== Segment start ==

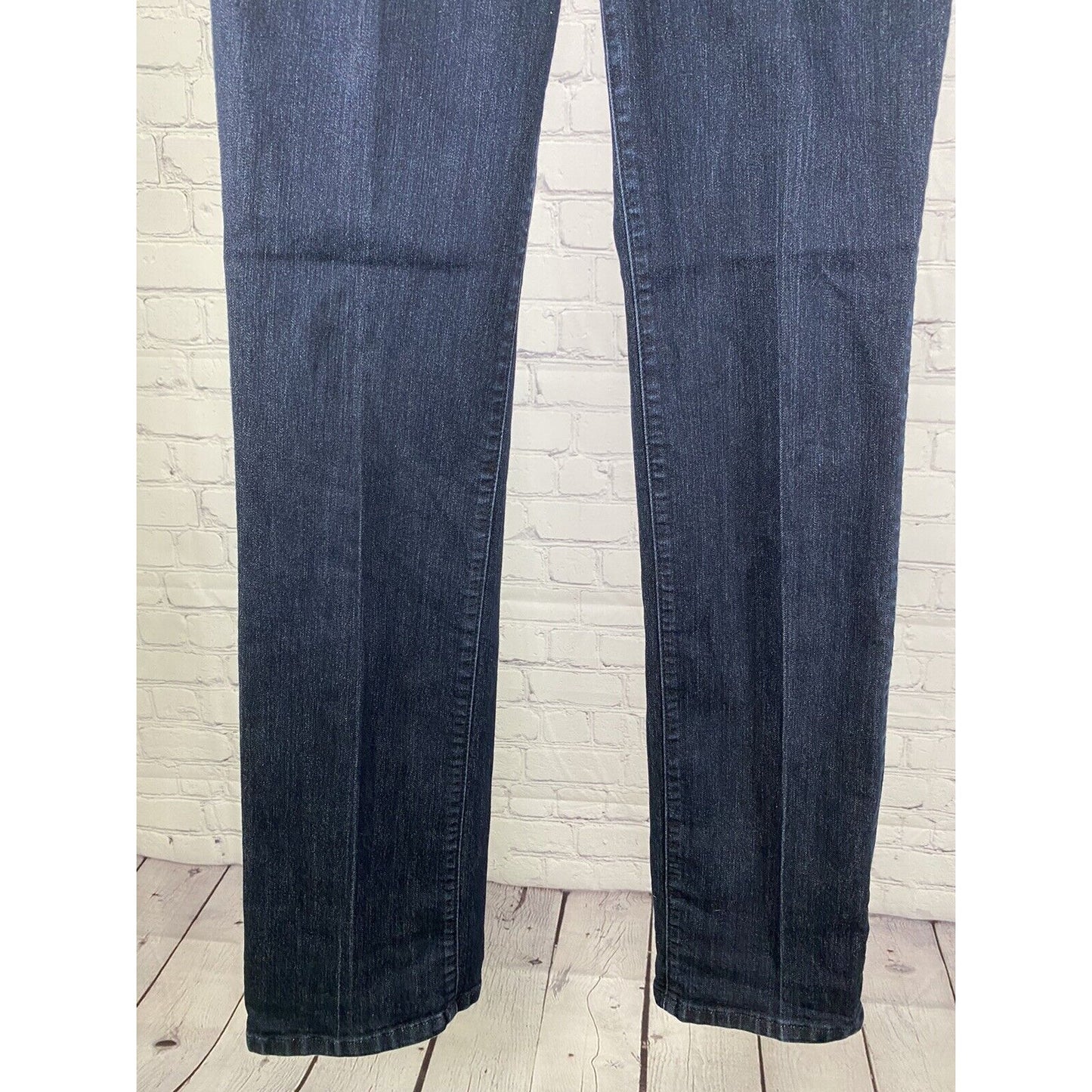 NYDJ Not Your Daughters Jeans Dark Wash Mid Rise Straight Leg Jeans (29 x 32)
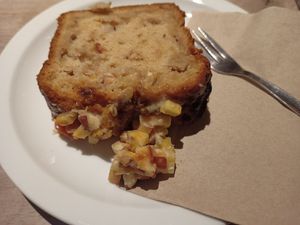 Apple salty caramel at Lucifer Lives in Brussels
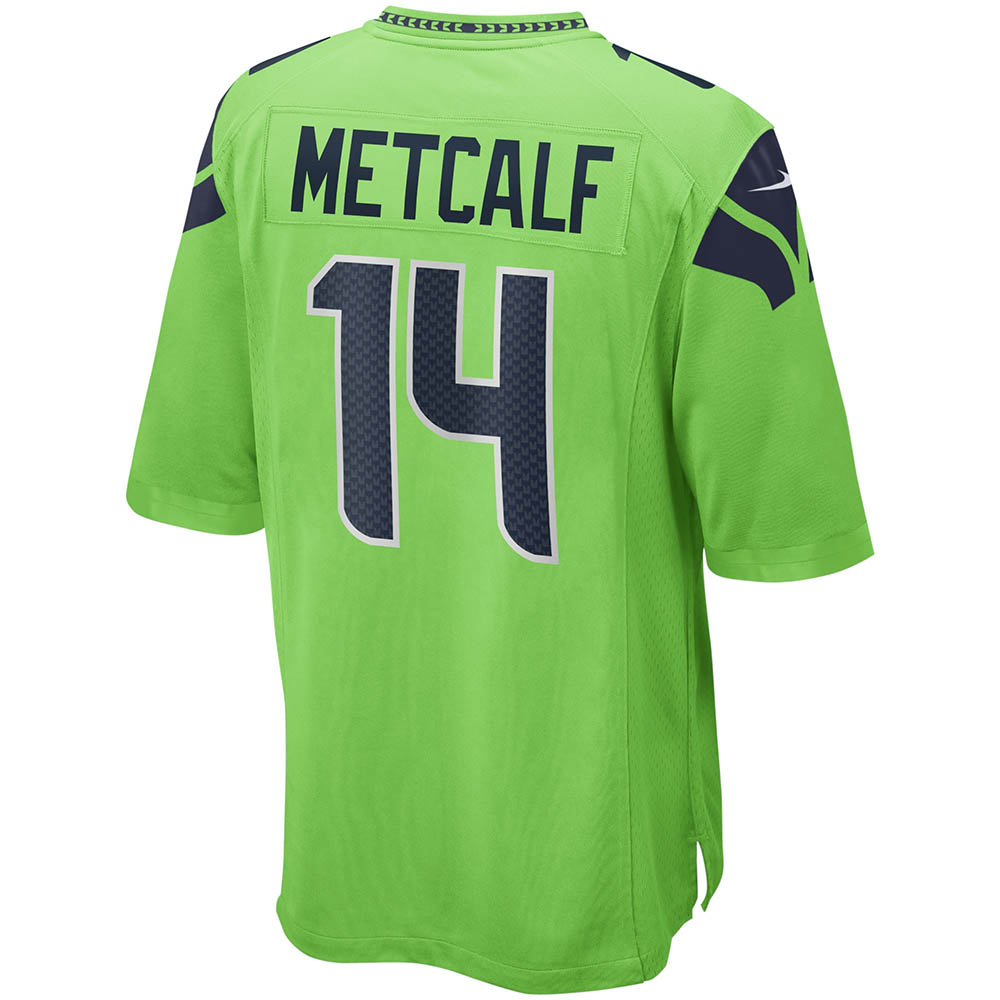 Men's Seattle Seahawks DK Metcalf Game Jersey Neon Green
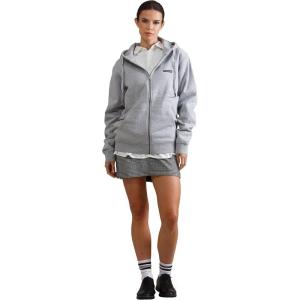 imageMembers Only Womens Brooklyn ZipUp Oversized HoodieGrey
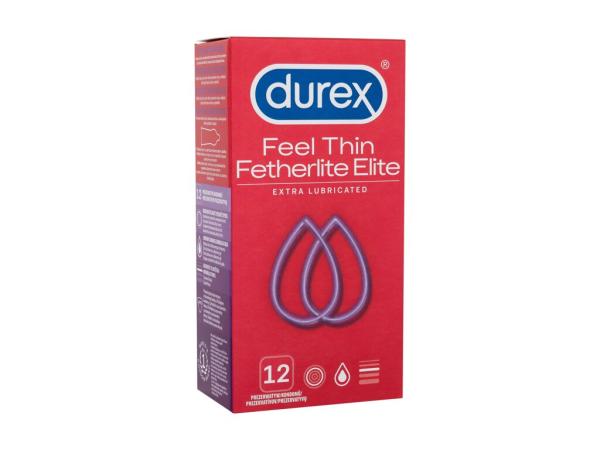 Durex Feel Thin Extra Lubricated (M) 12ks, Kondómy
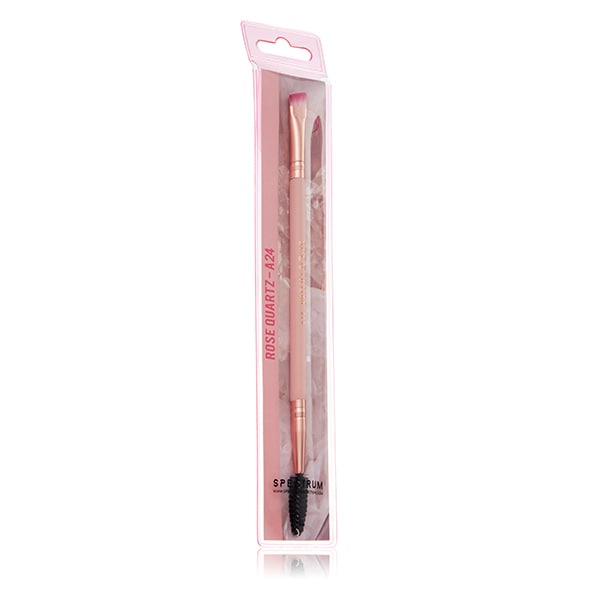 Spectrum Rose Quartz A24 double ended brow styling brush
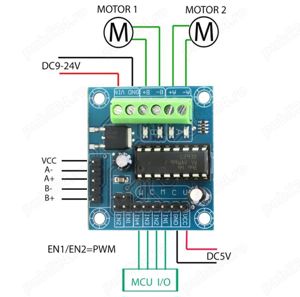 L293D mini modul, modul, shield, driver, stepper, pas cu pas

== Segment end ==

**EXERCISE DESCRIPTION**
Reproduce, with no pictures, the lines from the one containing "Apple salty caramel" to the end of the records above, exactly and inclusively.

**OUTPUT FOR THIS EXERCISE**
 Apple salty caramel at Lucifer Lives in Brussels
 Men's Seattle Seahawks DK Metcalf Game Jersey Neon Green
 imageMembers Only Womens Brooklyn ZipUp Oversized HoodieGrey
 Durex Feel Thin Extra Lubricated (M) 12ks, Kondómy
 Spectrum Rose Quartz A24 double ended brow styling brush
 L293D mini modul, modul, shield, driver, stepper, pas cu pas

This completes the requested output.